2. Kendi kendine yetme: İşinden başka bir şey konuşmayan ve bilmeyen insanlar ilk defa ampül değiştirme yemek yapma tasarruflu davranma basit tamirler yapma bahçedeki bitkilerle ilgilenme spor yapma veya yaptırma müzik aleti çalma bulaşıkları kaldırma ve temizlik yapma gibi bu zamana kadar başkalarına teslim ettikleri işleri yapmaya başladılar. Hatta kişisel bakım konusunda başka birine gerek kalmayacak şekilde kendilerini geliştirmeyle meşguller. Evde kalma süresi uzadıkça gençler de etrafı temiz tutmanın ebeveynlerden gelen bir nasihat değil gerçek bir gereklilik olduğunu kavrayacaklar. Nihayetinde bireyler “kendi kendine yetme” işinin gelişim için önemli bir kodlama olduğunun farkına varacaklar. Eve geldiğinde masaya oturup yemek bekleyenler doymak için bir kişinin eline bakmanın anlamsız ve oldukça riskli bir iş olduğunu kavrayacak. Ufak bir tamir için usta beklemeyi birkaç egzersiz için spor hocası tutmayı derli toplu bir ev için temizlikçi çağırmayı bir kere daha değerlendirecekler. Bu konularda daha derinlikli bir yaklaşım göstermek istedikleri zaman uzmanlara başvuracaklar.

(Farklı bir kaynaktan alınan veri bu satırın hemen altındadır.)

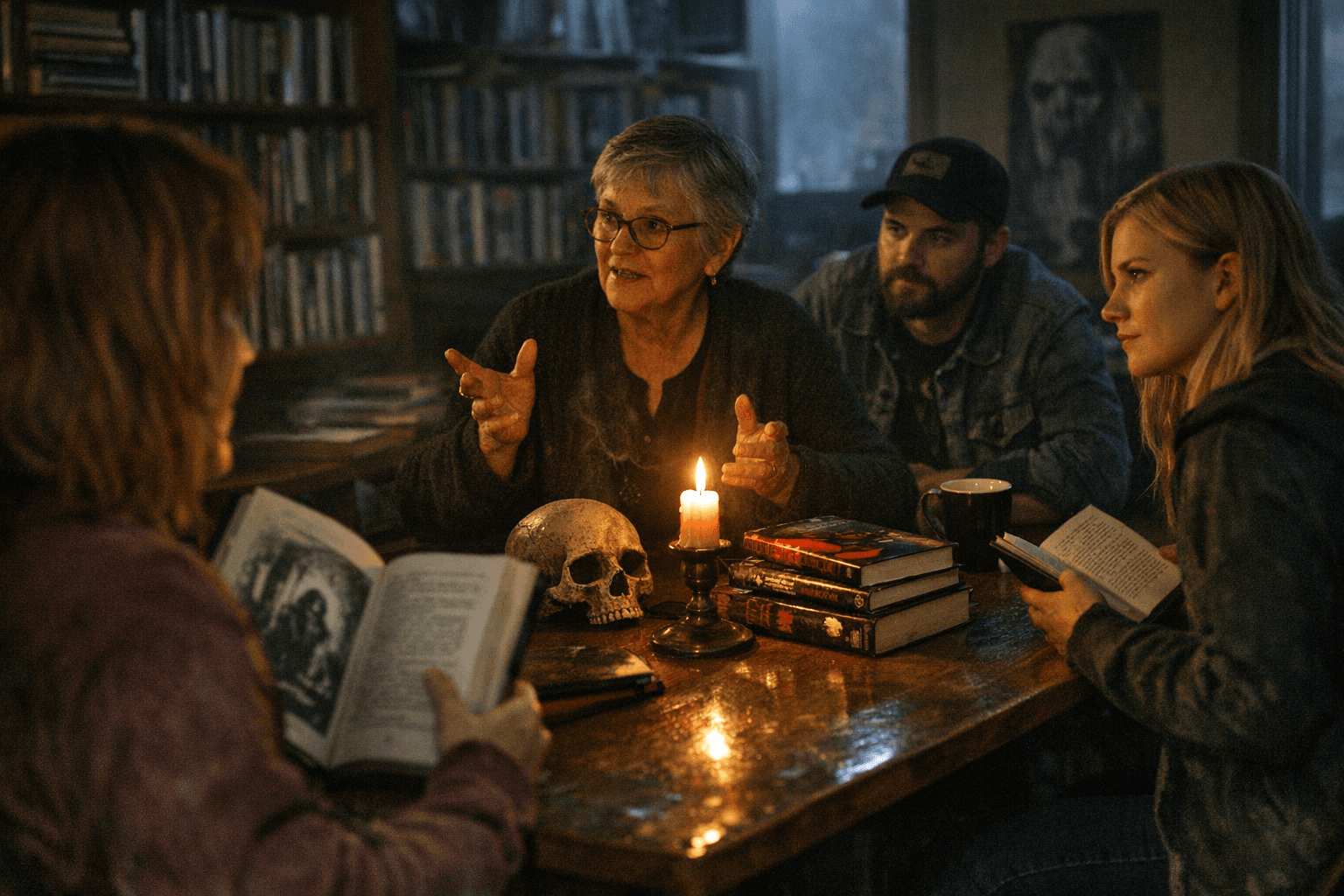 Dolores Public Library Launches Monthly Horror Book Club for Local Readers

3. Sabır: Hem yukarıda bahsettiğim melekelerin gelişmesi için hem de evdekilerin asgari müşterekte buluşabilmesi için sahip olunması gereken en önemli meziyet sabır olacak. Gençler itiraz edecek büyükler sabırla dinleyecek. Sonra büyükler anlatacak gençler sabırla dinleyecek. Başka çare yok. Bundan başka 23 hafta evde kalıp sosyal medyadan öğrenilenlerle tamirci yoga hocası gitarist şarkıcı ekonomist mutfak şefi psikolog tarihçi ve doktor olunmayacağını bilmek gerekiyor. Elbette herkes kendine yeteceği kadar sağlık spor gastronomi mentorlük müzik kitap sanat film vs bilmesi çok önemli. Ancak bu seviyeye bile ulaşmak için sabırla yola devam etmek gerekiyor. Ustaların ne kadar büyük işler yaptığını daha iyi anlamak için onların yaptığı işin birazını bilmek son derece faydalıdır. Dolayısıyla “sabır” bu sürecin üçüncü ve belki de en önemli kodlarından biri olacak.
Özetle pandemik bir salgınla başlayan kontrollü karantina sürecinin moral bozan tarafları yerine bize kazandıracakları üzerinde yoğunlaşmak bu “zorunlu tatil” sürecini değer yaratarak geçirmemizi sağlayacaktır diye düşünüyorum.